Winboard Forum

Posted: **04 Jan 2011, 20:46**

I am a total newbie at coding a chess engine -- I just started a few days ago -- and I am a little at a loss about a few things:

After using bitwise operations to generate the bitboard of squares that a piece can move to (e.g.: whiteKnight & KNIGHT_ATTACKS[currSquare] & ~whitePiecesBitboard), do I then have to loop through it and extract the moves? Isn't this kind of wasteful?
With rotating bitboard, how do you rotated the board by 45 degrees (for bishop and queen moves)?
Instead of rotating the board, can't you just have a whole bunch of lookup tables for horizontal, vertical, and diagonal moves?

Thanks in advance!

- Moshe

Posted: **04 Jan 2011, 23:39**

Indeed, extracting the moves is an expensive part of bitboard move generation, but you only have to loop over bits that are set, as there are tricks to get the least-significant 1 bit making use of the CPU carry logic.

One does not rotate the bit board in rotated bitboard, but one keeps 4 (incrementally updated) boards in different oriantation.

The trick is to collect the relevant occupancy bits to make a table index from it.
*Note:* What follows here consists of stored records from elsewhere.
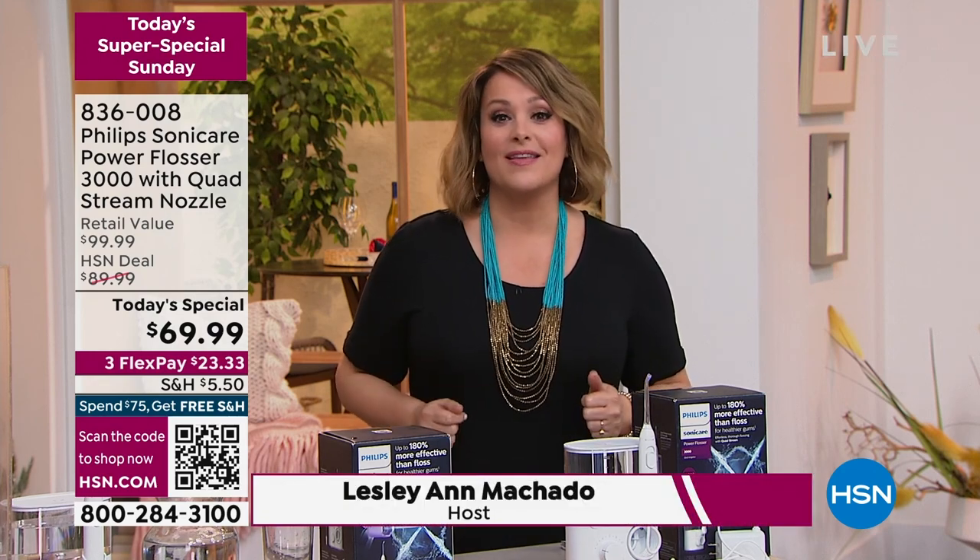Those brands that dentists around the world and hygienists around the world recommend you to use. And what we have for you today is something that is going to be a game changer. Here's why.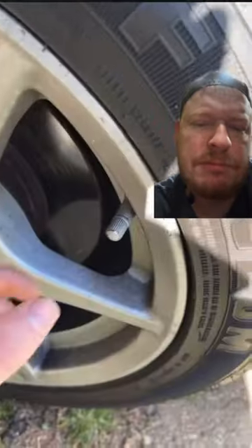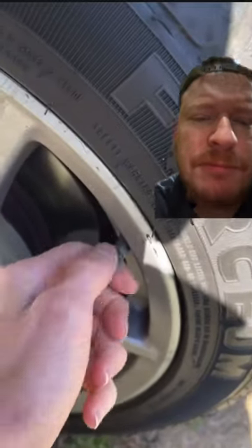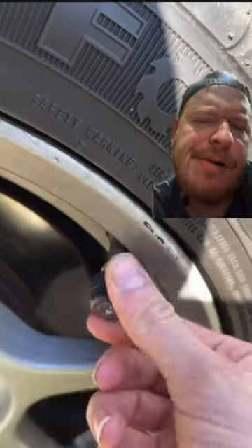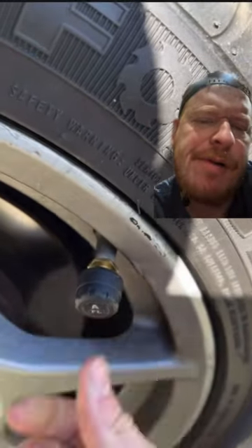Alright, so if you're a car guy and you drive some old shit like I do, check this out. Any idea what's going on here? I have no clue. Some type of radar detector.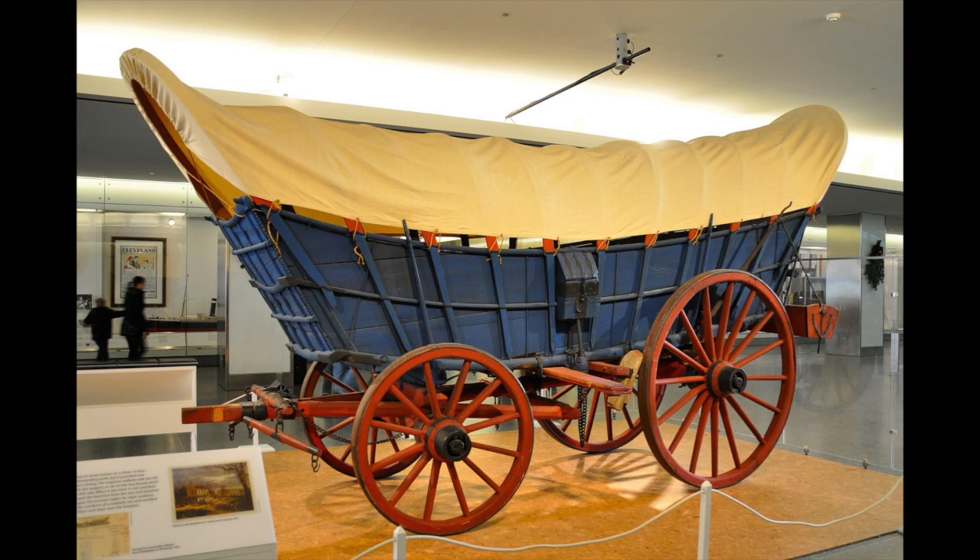You can see real Conestoga wagons for yourself — there are multiple ones that have survived. The Schwenkfelder Museum and Center has one, and I've included a picture of it in the video, but there are other ones throughout the state as well. So if you're really itching to see an actual Conestoga wagon, there are a few that have remained. They were massive wagons and truly, truly important to the development and early years of the United States of America.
Only in one of the orientations the moves along a given ray form a contigous group of bits. But 'magic bitboards' use a 64-bit multiplication to collect the bits irrespective of orientation, and thus only need to store a single board orientation.

Posted: **05 Jan 2011, 14:08**

Instead of rotating the board, can't you just have a whole bunch of lookup tables for horizontal, vertical, and diagonal moves?

I would strongly suggest using magic bitboards. They are _much_ easier to use than rotated bitboards.

Posted: **09 Jan 2011, 14:16**

Another approach is called shifted bitboards - that's what I use in my engine.

Shifted bitboards are described on NagaSkaki web page. NagaSkaki is rated around 2000 ELO so it's quite good. My engine is rated around 1600 ELO so it's quite bad

GCC provides built-in functions for finding index of LSB etc.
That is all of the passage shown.